Meta-learning seeks to alleviate one of the limitations of traditional deep learning-based approaches, which rely on large-scale datasets, by creating models that gain experience over multiple training episodes of related tasks [20]. Such methods use information about the training process in one instance to optimize training in another. For this reason, it is sometimes referred to as “learning to learn.” Algorithm selection can also be an automated feature of a machine learning framework. An AutoML framework can encode a variety of algorithms (Nearest neighbor, SVM, random forest, etc.) as tunable hyperparameters, allowing for the framework itself to select the best performing algorithm.

Instances where the framework performs both the task of hyperparameter optimization as well as the algorithm selection are referred to as Combined Algorithm Selection and Hyperparameter Optimization (CASH) [20]. Karmaker et al. [21] proposed a six-tiered classification system for AutoML tools based on their level of autonomy. At the lowest level (1), you have to go from the scratch implementation of a machine learning algorithm using a programming language, all the way to level (6) which is able to automate everything from task formulation (TF) to prediction engineering (PE), feature engineering (FE), machine learning (ML), alternative model exploration, and result summarizing. There is no AutoML framework at level 6. This classification system is summarized in Table 1.

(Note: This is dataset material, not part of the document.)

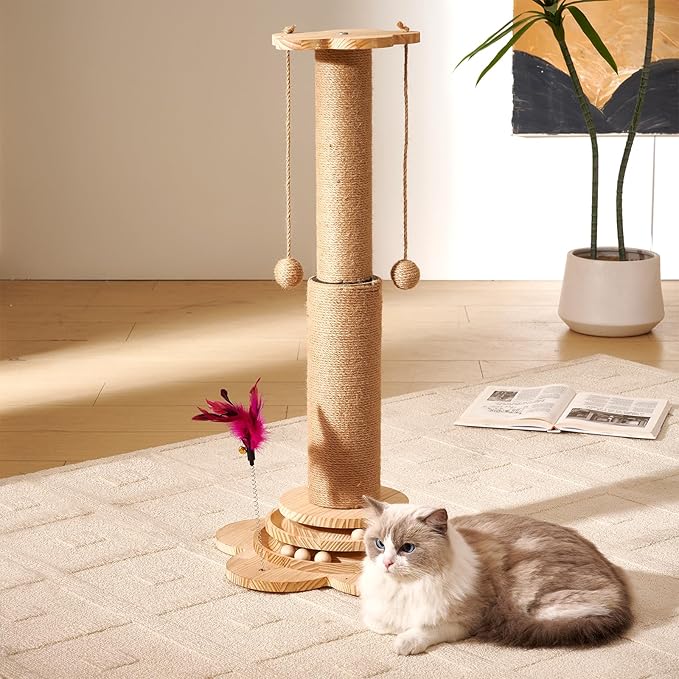 Cat Scratching Post 32" Tall Cat Scratch Post Tree Scratching Posts for Indoor Cats Adults Kitten with Wooden Interactive Ball Toy and Hanging Sisal Ball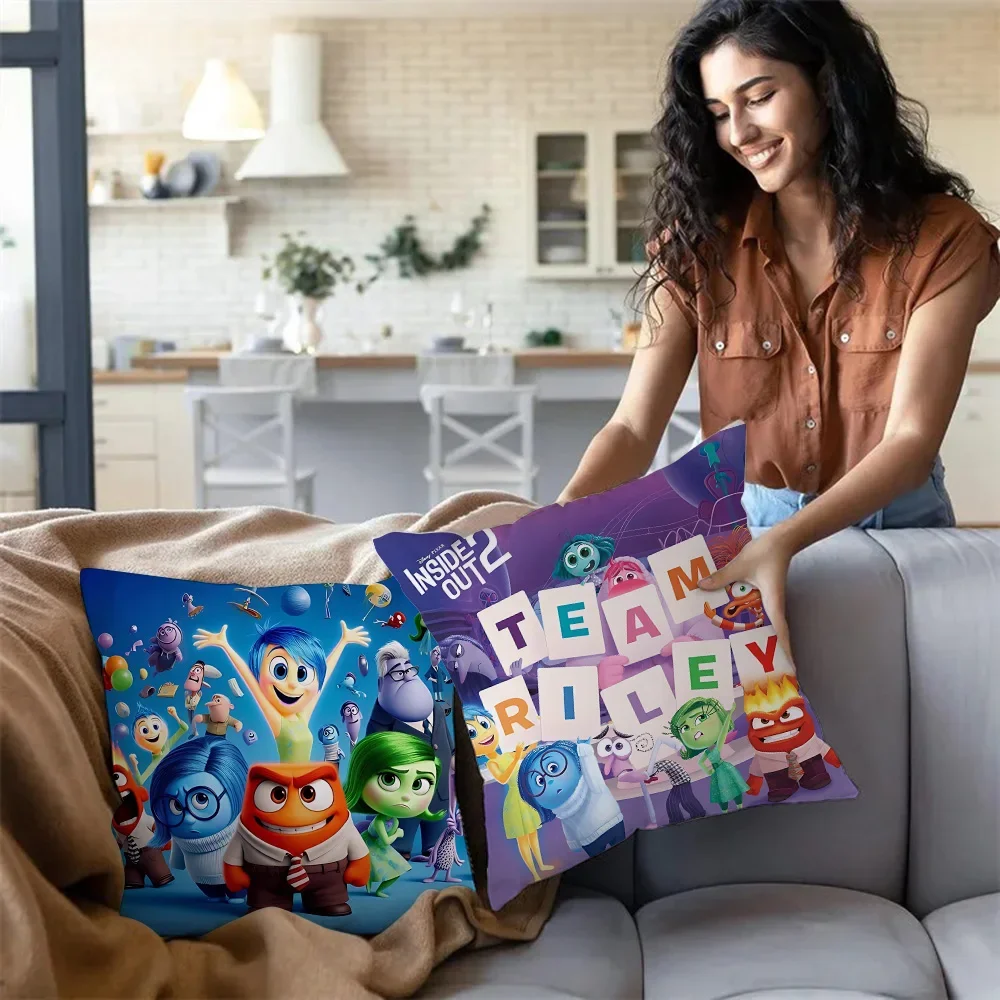 Colorful Inside Out Pillow Covers Cartoon Sofa Decorative Home Double-sided Printing Short Plush Cute Cushion Cover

2.2. Review of Benchmarking AutoML Frameworks and Object Detection

Ferreira et al. broadly classify three major categories of publications which compare AutoML tools: (1) publications in which a novel AutoML tools is compared with existing tools, (2) publications in which no novel AutoML tools is proposed but comparisons are made between distinct tools, (3) and publications which compare the characteristics of each tool without a focus on predictive performance. There is a growing amount of literature on benchmarking AutoML tools; however, their focus is almost entirely on tabular or text data. Nagarajah et al. review a variety of automated and semi-automated machine learning algorithms used for tabular data, providing a qualitative overview of their respective features [18]. Ferreira et al. examined 8 open-source tools on 12 different datasets spanning regression, binary, and multi-class classification tasks [22]. Gijsbers et al. developed a benchmarking framework that utilized 4 AutoML tools and 39 classification datasets [23]. This was later extended to 9 frameworks and 104 datasets, including both classification and regression datasets [24]. Zoller et al. benchmarked 14 different machine learning frameworks (including both AutoML and HPO) on 137 classification datasets [25]. Shi et al. compared AutoGluon-tabular and H2O variants for 18 multimodal datasets [26]. LeDell et al. focused mainly on the H2O AutoML framework, but included a comparison to three other frameworks from the Open ML benchmark, extending the datasets to 44 [27]. Borji et al. produced a benchmarking study on the object detection of 41 different models and 7 datasets, but did not include AutoML frameworks [28]. Lenkala et al. compared three different AutoML frameworks on three different time-series datasets for epileptic seizure detection [29]. A similar study of the aforementioned was performed by Westergaard et al., with the same AutoML frameworks and three new time-series datasets [30]. Paladino et al. similarly examined three AutoML tools on three datasets, but in this case, they were tabular datasets [31]. Since our task of interest is object detection, this has only limited relevance to the scope of our study. AutoML frameworks for structured data are much more developed and the options are more extensive.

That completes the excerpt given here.